Obama and his staff have taken pains to regularly remind the public that the U.S. economy has been adding jobs every month since March of 2010, for a total of 4.3 million new jobs.
That is about the same pace of job creation as occurred after the 1990-1991 and 2001 recessions, according to Yale economist Benjamin Polak – a heartening sign that the American job machine isn’t much weaker than it has been over the last few decades.
Perhaps that is what Obama meant when he said “the private sector is doing fine” at a news conference on Friday, a remark Republicans jumped on to paint the president as out of touch with economic reality.
Obama, who faces a tough bid for re-election in November, sought later to clarify his views, saying the economy was “not doing fine” – a recognition that the recovery has left many Americans behind.
The 2007-2009 recession was so spectacularly deep that even after 27 straight months of job creation, the private sector has 4.6 million fewer jobs than it did in January 2008.
“The problem is we’re not climbing out of a valley this time. It’s a canyon,” said Polak.
Over a wider time frame, the jobs picture looks even more somber.
Private-sector employment is at roughly the same level as it was in 2001, even though the population has grown. Some economists say the United States has already experienced a lost decade.
Obama also mentioned corporations’ “record profits” as a sign of private-sector health. And indeed, late last year after-tax corporate profits made up their biggest share of national income since 1929, according to one government measure.
TEACHERS, COPS, FIREFIGHTERS
Obama’s political gaffe came as he was making the case for further deficit spending to help spur the recovery, including efforts to help stem job losses among cash-strapped state and local governments.
Since March 2010, the public sector has eliminated more than 500,000 jobs as police, teachers and other government employees have been let go. Unlike the federal government, most state and local governments must balance their budgets each year.

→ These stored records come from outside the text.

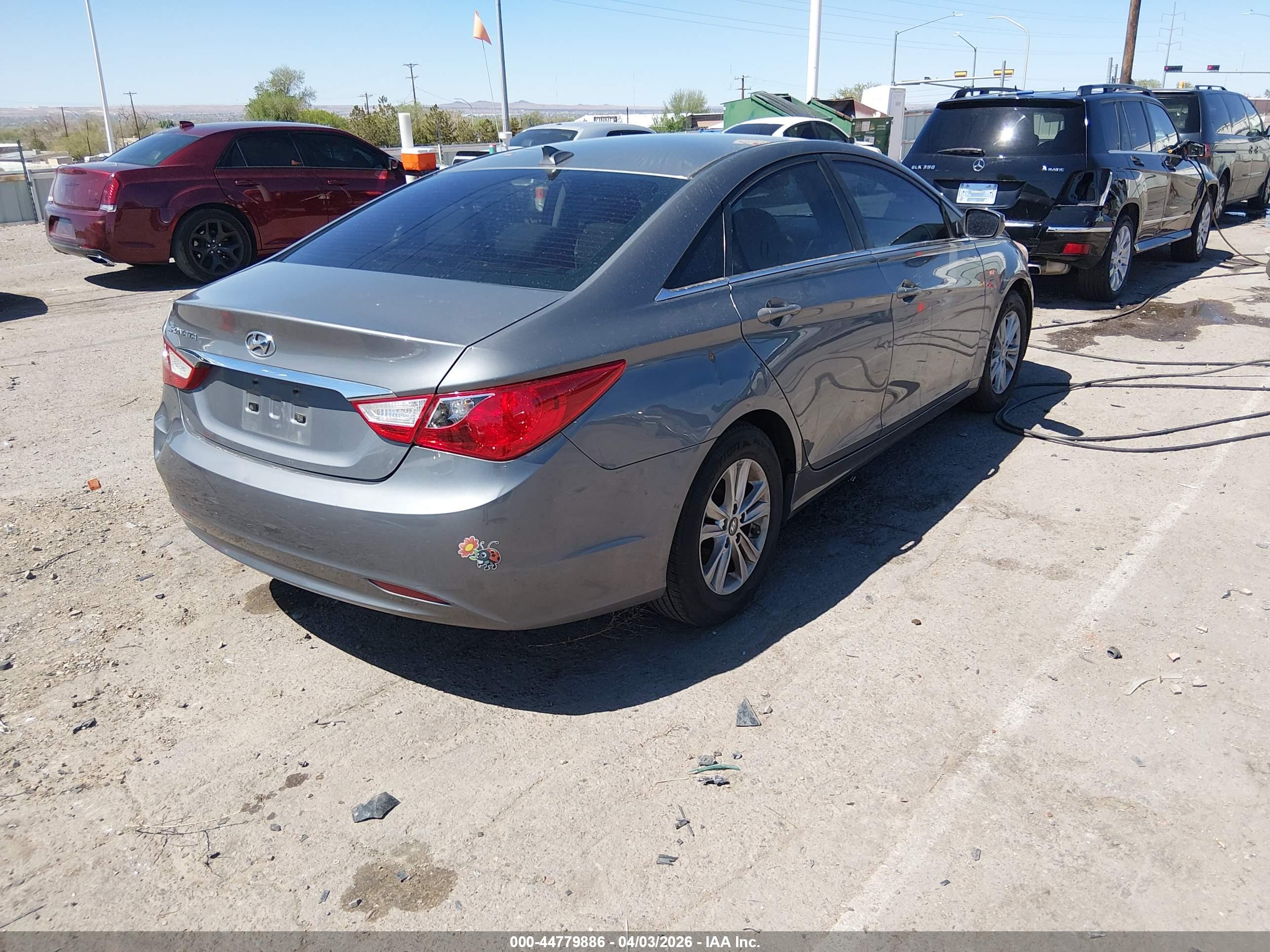HYUNDAI SONATA image 4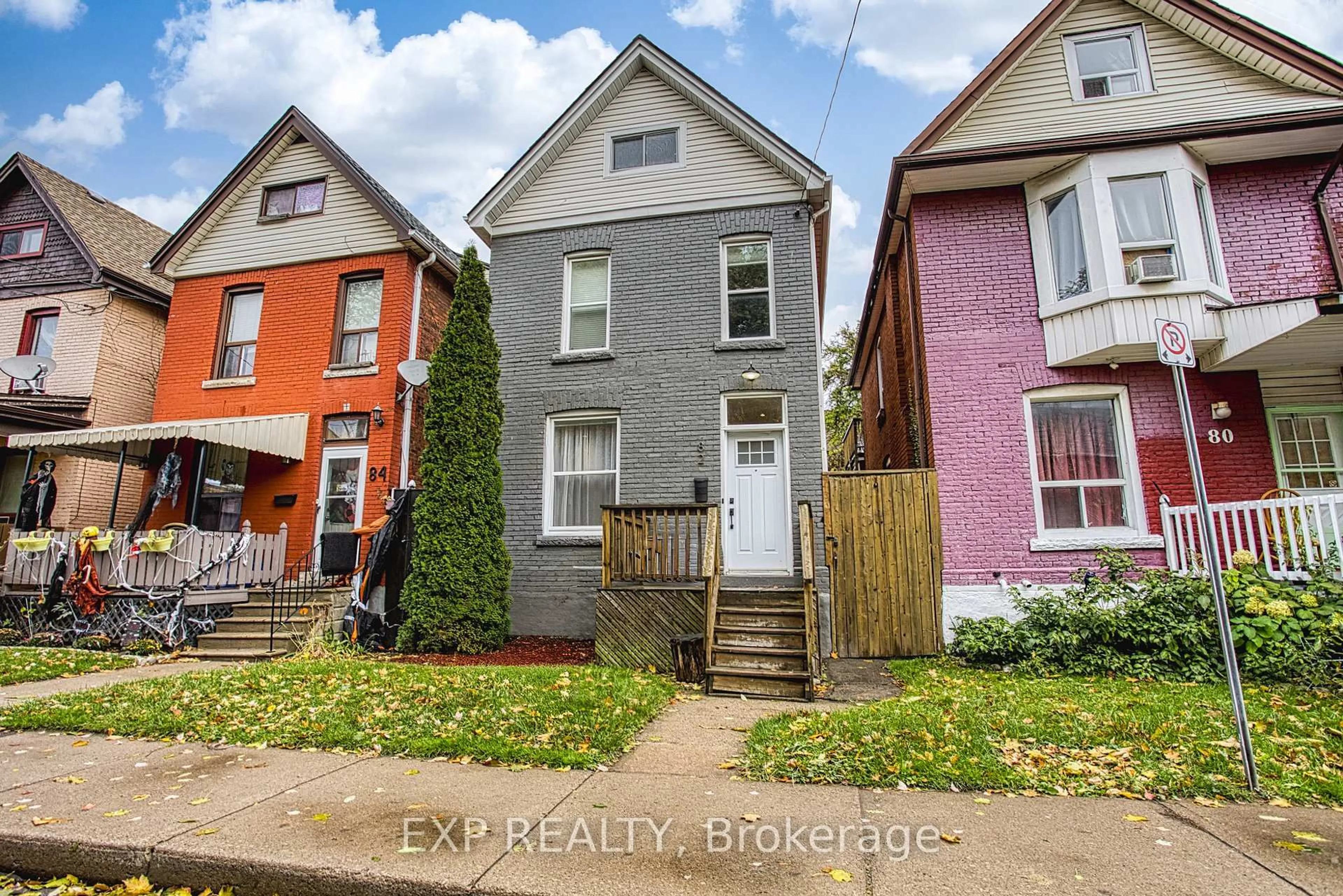 Home with brick exterior material, street for 82 Ashley St, Hamilton Ontario L8L 5T1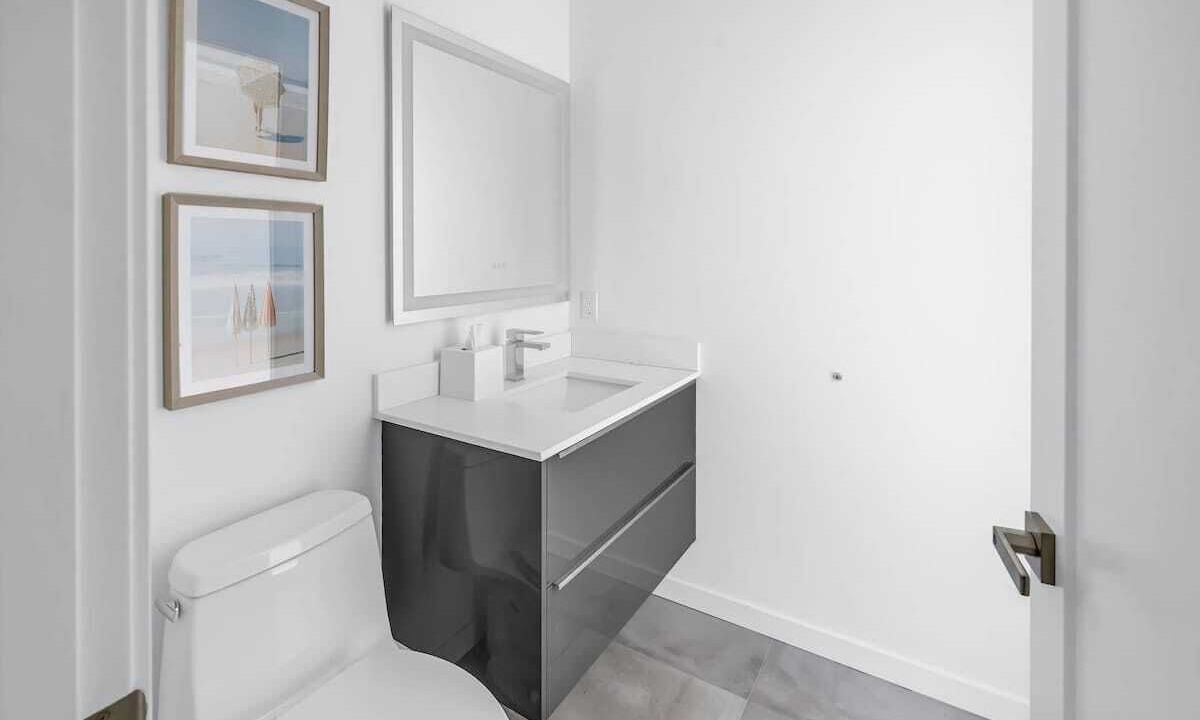 Photo of Bathroom in Arlington Park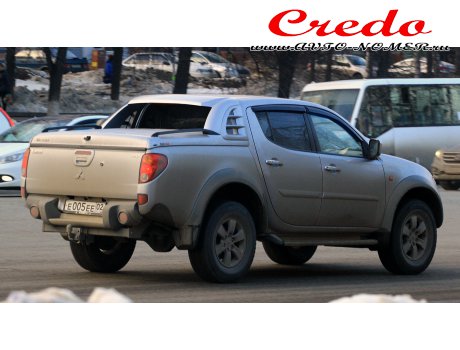 е005ее02, Mitsubishi L200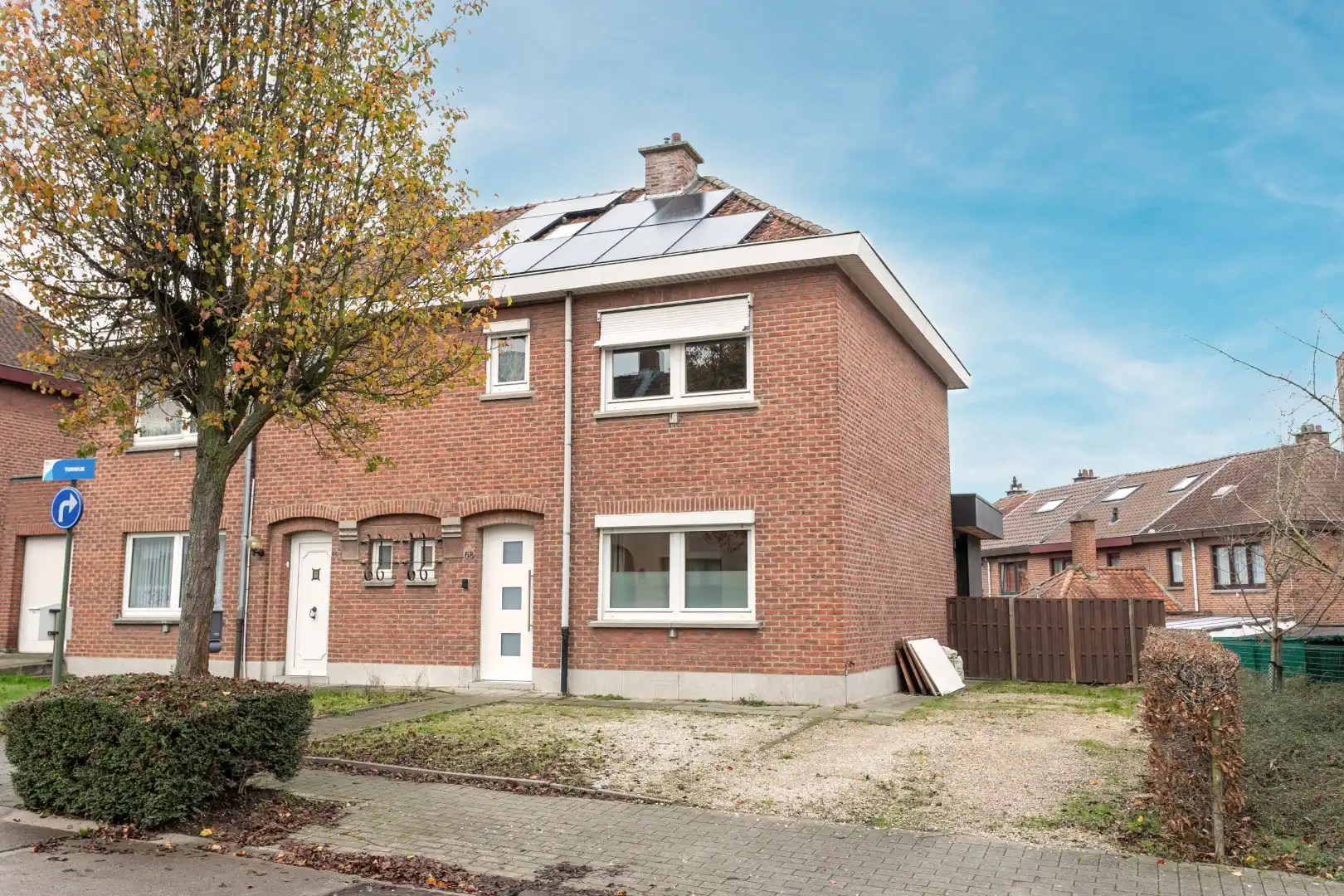 Rustig gelegen halfopen woning met 3 slpks en tuin te Buizingen foto {{pictureIndex}}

The last three years of job losses at the state and local government level have been the most dramatic on records dating to 1955.
One purpose of Obama’s news conference was to press Republicans to act.
Republican candidate Mitt Romney charged that the remarks showed that Obama was hostile to business and wanted to fix the economy by expanding the size of government.
“He says we need more firemen, more policemen, more teachers,” Romney said on Friday. “It’s time for us to cut back on government.”
Romney may have made a misstep of his own with his response by citing local government workers who provide services that are readily apparent to voters. “Romney wants to cut these jobs,” said Stephanie Cutter, Obama’s deputy campaign manager.
There would be well over a million more U.S. jobs today if public-sector employment had grown at the same pace it did after other recent recessions. That would put the unemployment rate between 7 percent and 7.3 percent, instead of the current 8.2 percent, according to Polak.
Even then, Obama would still likely be under pressure.